The special concurrence refuses to follow that binding precedent, and points to a number of our decisions in which we did not explicitly acknowledge or apply the general rule that suicide is an unforeseeable intervening cause of death. But in none of those decisions did we reject the general rule, either. And, more importantly, none of those decisions is a decision of our whole court overruling Appling v. Jones and its progeny.
Precedent does not cease to be binding simply because we can find subsequent cases that, for whatever reason, do not apply that precedent. Precedent does not cease to be binding even when we find subsequent decisions of less than the whole court explicitly refusing to follow it. See Dority v. State, 335 Ga.App. 83, 99 (4) (c) n.8 (780 SE2d 129) (2015) (statement in subsequent decision of less than whole court that prior case is of no precedential utility did not overrule prior case).
When we wish to reject prior precedent, as the special concurrence proposes, we should say so and employ the appropriate process. When the decisions we wish to change are our own, that process would be consideration by the whole Court. In this case, however, the Supreme Court’s precedent precludes any effort by this Court to change the rule
In Stevens v. Steadman, 140 Ga. 680, 681-84 (79 SE 564) (1913),49 the plaintiff alleged that the defendants, in pursuance of a conspiracy to cause the death of the plaintiff’s husband and thereby benefit financially, wrote a letter to the husband blackmailing him into *581quitting his job lest they publicly reveal unspecified and mysterious matters that would cause him and his family great harm. The plaintiff alleged further that the defendants knew of the husband’s impaired mental and physical state, and knew and intended that the letter would cause him to commit suicide, which he in fact did. Id. Our Supreme Court held that the defendants could not be liable, because without direct statements in the letter specifically urging the husband to kill himself, his suicide was not the “legal and natural result” of the defendants’ actions. Id. at 686-87; cf. OCGA § 51-12-9 (damages are too remote to be recovered when they are “traceable to the act, but. . . are not its legal and natural consequence”). Stevens has not subsequently been overruled by the Supreme Court or abrogated by statute, and remains binding on us. I see no way that we can conclude the wrongful death claim here can proceed if the claim in Stevens could not.
Decided March 30, 2016
Oliver Maner, Patrick T. O’Connor, Benjamin M. Perkins; Ray C. Smith, for appellants.

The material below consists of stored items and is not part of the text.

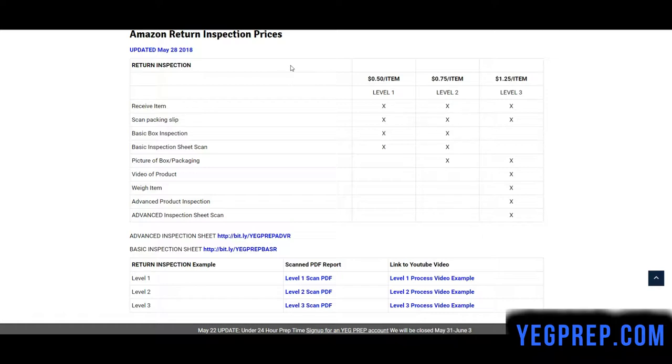Basically, we receive the item, scan the packing slip, basic box inspection, and take pictures of the box and packaging of the item.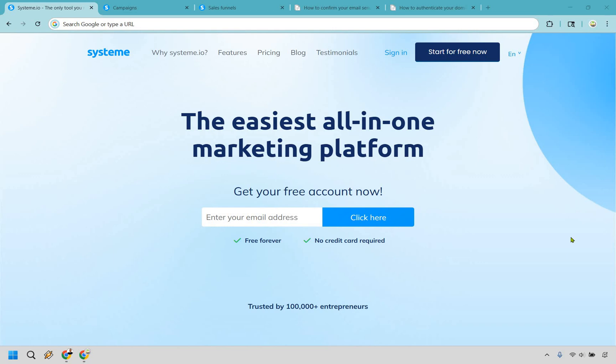Here's how to set up an email campaign in systeme.io. If you'd like to follow along, you can click the link in the description or the pinned comment to do that, as systeme does come with the ability to use it for free, which is always great. Let's begin.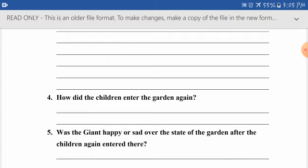Question four: how did the children enter the garden again? These four questions are from your passage — you will find the direct answers there. Of course, you have to change the answer a little bit. Don't start your answer with 'because'; take some part of the question and then write the answer. For example, if the question is 'how did the children enter the garden again,' you begin with that phrasing and then write the answer.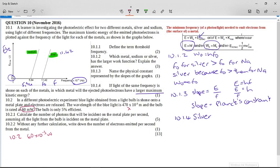Calculate the number of photons that will be incident on the metal plate per second, assuming all the light from the bulb is incident on the metal plate. The bulb is only 5% efficient, so the actual power is 5% of 60 × 10⁻³ watts. If you work that out on your calculator, it gives you 3 × 10⁻³ watts.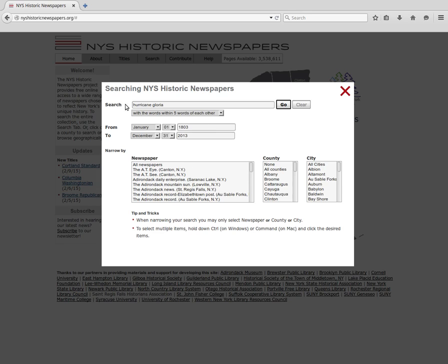The first section of the search window is the search box. This is where you put your search terms — in this case, Hurricane Gloria — and select a searching behavior.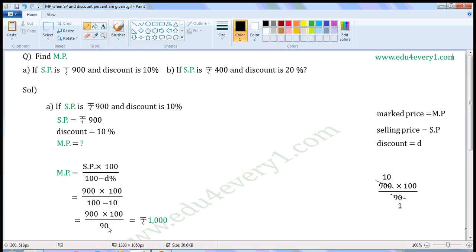Let us simplify this in the rough work. Common factor of 900 and 90 is 90. Divide both of them with the common factor. When we divide 900 with 90, we get 10. When we divide 90 with 90, we get 1. The values left are 10 into 100 by 1, which is equal to 1000. So market price is equal to Rs. 1000.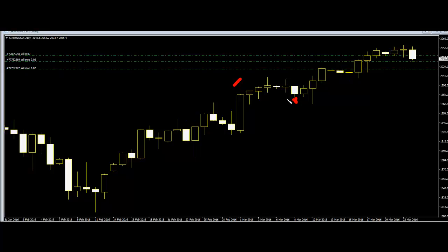Close price level provides very important information about the investor's emotion. It tells a lot about the thinking of big investors that allocate a large amount of money into the forex market.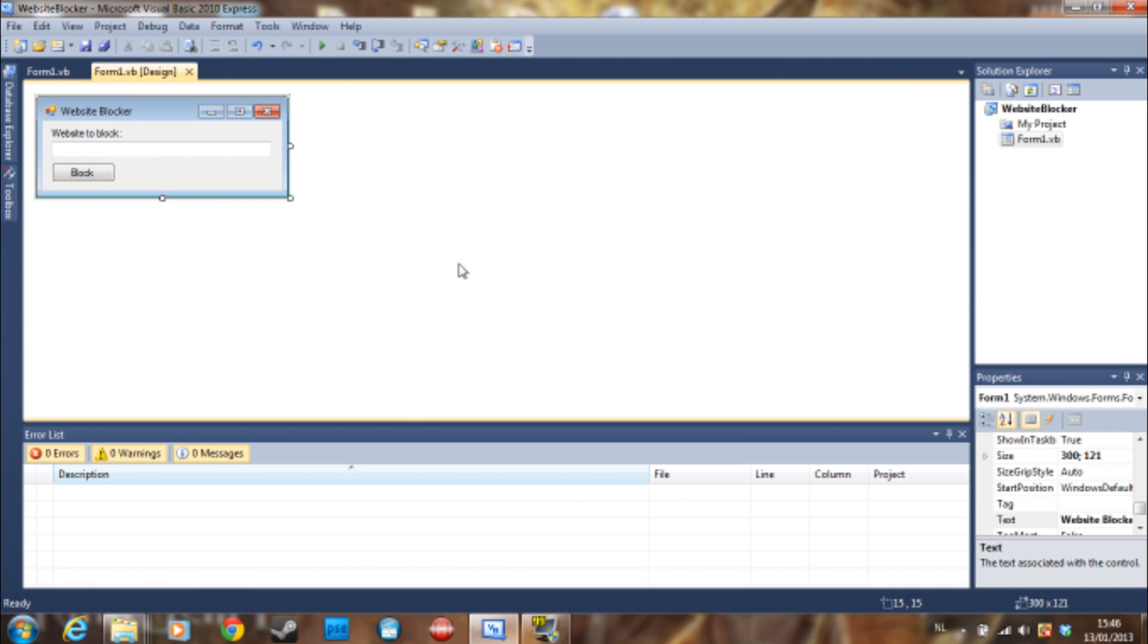Before we get started, I'm going to tell you a story about what I use this program for. I used this for a girl at my school. She had a blog and it's a really cool blog, I really like it.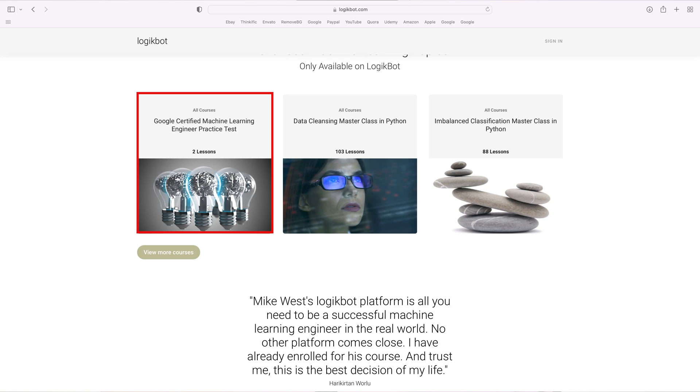Let's cover a few things about the certification. First, I have an exam simulator on LogicBot that's going to help you pass the exam. The next important facet is the Google Cloud Platform. There are no exams from any of the big three — Google, Microsoft, and Amazon — or any other providers, that aren't about their products. This exam is no different. The exam name should really be the Google Certified Machine Learning Engineer on Google's Cloud, because it isn't a true machine learning certification.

Jones, Osteen & Jones, Billy N. Jones, Carl R. Varnedoe, for appellee.
I am authorized to state that Judge Ray joins in this dissent.

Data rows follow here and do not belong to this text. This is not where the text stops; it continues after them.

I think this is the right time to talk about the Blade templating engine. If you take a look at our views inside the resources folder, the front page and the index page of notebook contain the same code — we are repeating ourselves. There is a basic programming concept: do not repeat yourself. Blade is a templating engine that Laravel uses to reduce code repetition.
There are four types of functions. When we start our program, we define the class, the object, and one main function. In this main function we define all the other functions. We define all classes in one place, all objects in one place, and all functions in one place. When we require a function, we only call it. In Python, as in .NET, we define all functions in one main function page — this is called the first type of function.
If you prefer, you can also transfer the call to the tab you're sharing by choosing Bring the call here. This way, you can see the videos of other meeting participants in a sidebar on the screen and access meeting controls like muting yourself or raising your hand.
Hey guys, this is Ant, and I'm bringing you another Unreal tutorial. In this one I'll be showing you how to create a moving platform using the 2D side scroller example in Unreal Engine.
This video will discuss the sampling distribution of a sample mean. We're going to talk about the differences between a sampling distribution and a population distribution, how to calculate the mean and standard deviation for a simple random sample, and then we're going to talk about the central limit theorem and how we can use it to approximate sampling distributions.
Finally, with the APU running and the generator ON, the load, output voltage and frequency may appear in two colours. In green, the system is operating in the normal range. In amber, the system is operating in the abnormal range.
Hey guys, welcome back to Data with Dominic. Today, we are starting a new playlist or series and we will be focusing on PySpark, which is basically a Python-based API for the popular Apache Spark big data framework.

 That said, I disagree with the inclusion in that dissent of footnote 46 and its associated text regarding decisions of the courts of our sister states, because it is irrelevant to the dissent’s holding. Judge Dillard’s dissent demonstrates conclusively that Georgia case law does not *580extend the special-relationship exception to noncustodial relationships between law enforcement officers and the general public. A consideration of foreign law would be relevant here only if we were trying to determine what the rule should be. But as Judge Dillard has made clear, previous decisions of our court and our Supreme Court have already said what the rule is. Given that, it is unnecessary and irrelevant to consider what answers to that question the courts of our sister states may have provided in the context of their own laws. See Satilla Health Servs., Inc. v. Bell, 280 Ga. App. 123, 131 n.4 (633 SE2d 575) (2006) (declining to consider arguments regarding foreign law because Georgia law was clear).

 I agree with the special concurrence that the initial foundations of our present rule may have arisen in part from a now-outdated understanding of mental health. Our Supreme Court was explicit in Stevens that its decision was based on its understanding of mental health. 140 Ga. at 687 (holding that, “in the present state of our knowledge concerning the laws governing the operation of the mind,” suicide was not the legal and natural result of concerted efforts of a conspiracy allegedly designed to cause the decedent to kill himself). Obviously, our understanding of “the laws governing the operation of the mind” has improved dramatically in the 103 years since 1913. But because that outdated understanding was the Supreme Court’s, we would lack the authority to correct it even if we wanted to.